The first hurricane prediction for 2019 was less alarming than many prior years, with only two major hurricanes forecast to hit the U.S. coast. Hurricane researchers at Colorado State University announced in April they foresee a slightly below-average Atlantic hurricane season, citing a weak El Niño and a slightly cooler tropical Atlantic ocean as major contributors. Their second, often more accurate forecast is due June 4, and NOAA announces its first forecast of the hurricane season on May 23.

But don’t be fooled. Early predictions in 2017 also pointed to a slightly below-average Atlantic hurricane season, but in that year hurricanes Harvey, Irma and Maria slammed into the Atlantic and Gulf coasts as well as Puerto Rico and became three of the five costliest hurricanes in U.S. history.

Each storm is different and unpredictable which means business and property owners shouldn’t become complacent; it’s extremely important to prepare in advance for major hurricanes. According to the Federal Emergency Management Agency (FEMA), 40 percent of businesses do not reopen after a disaster and another 25 percent fail within one year. Preplanning is important because it will streamline operations during and after a storm, lead to a quicker recovery and potentially lower insurance claims costs.

According to an April 10 webinar hosted by Dr. Phil Klotzbach of the Department of Atmospheric Science at CSU, researchers are predicting 13 named storms during the 2019 Atlantic hurricane season, with two becoming major hurricanes. (In comparison, in 2018, CSU predicted 14 named storms with three reaching major hurricane strength.) Historical data, combined with atmospheric research, points to the U.S. East Coast and Florida Peninsula with about a 28 percent chance of getting hit by a major hurricane (average for the last century is 31 percent). The Gulf Coast, from the Florida panhandle westward to Brownsville, Texas, is forecast to have a 28 percent chance (average for the last century is 30 percent). The Caribbean has a 39 percent, down from the 42 percent average for the last century.

The states with the highest probability to receive sustained hurricane-force winds include Florida (47 percent), Texas (30 percent), Louisiana (28 percent), and North Carolina (26 percent), according to Klotzbach. But hurricanes can cut a wide swath, he says, as Hurricane Michael did in October 2018 as it moved into Georgia, causing high wind damage and gusts as high as 115 mph in the southwest part of the state.

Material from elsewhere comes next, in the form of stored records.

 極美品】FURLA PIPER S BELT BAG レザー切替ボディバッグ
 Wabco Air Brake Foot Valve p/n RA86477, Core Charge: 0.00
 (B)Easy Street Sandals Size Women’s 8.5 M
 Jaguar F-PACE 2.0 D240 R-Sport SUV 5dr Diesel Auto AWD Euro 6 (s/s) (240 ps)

Klotzbach outlined how total dollar losses from Atlantic hurricanes are increasing each year, exacerbated primarily from a doubling of the U.S. population since the 1950s and from larger homes being built, with an average of more than 2,600 square feet. It’s shocking to consider that if a category 4 storm struck Miami today, similar to the one that leveled the city in 1926, it’s estimated it would cost $200 billion to rebuild. That exceeds $160 billion in damage caused by Hurricane Katrina in 2005.

Experienced recovery experts, like those at Interstate Restoration, are skilled at delivering a quick response and delegating teams to react as soon as a storm is named. Once they identify approximately where the storm will land on U.S. soil and assess its intensity, they allocate assets, resources, and equipment as needed and keep in close contact with all clients in the path of the storm.  Staging efforts to a safe area begin many days before the event.

Powerful hurricanes, such as Irma, can disrupt businesses for weeks or months, which is why pre-planning is so important. It starts with hiring a disaster response company in advance. By establishing a long term partnership before a disaster happens, business and property owners can ensure they are on the priority list for getting repairs done quickly. The restoration partner can also assist with performing a pre-loss property assessment, recovery planning and working closely with insurance.

Quick recovery is made more difficult when business and property owners neglect proper preparations. So despite the prediction calling for fewer storms expected in 2019, it’s always better to be prepared as Mother Nature can be destructive.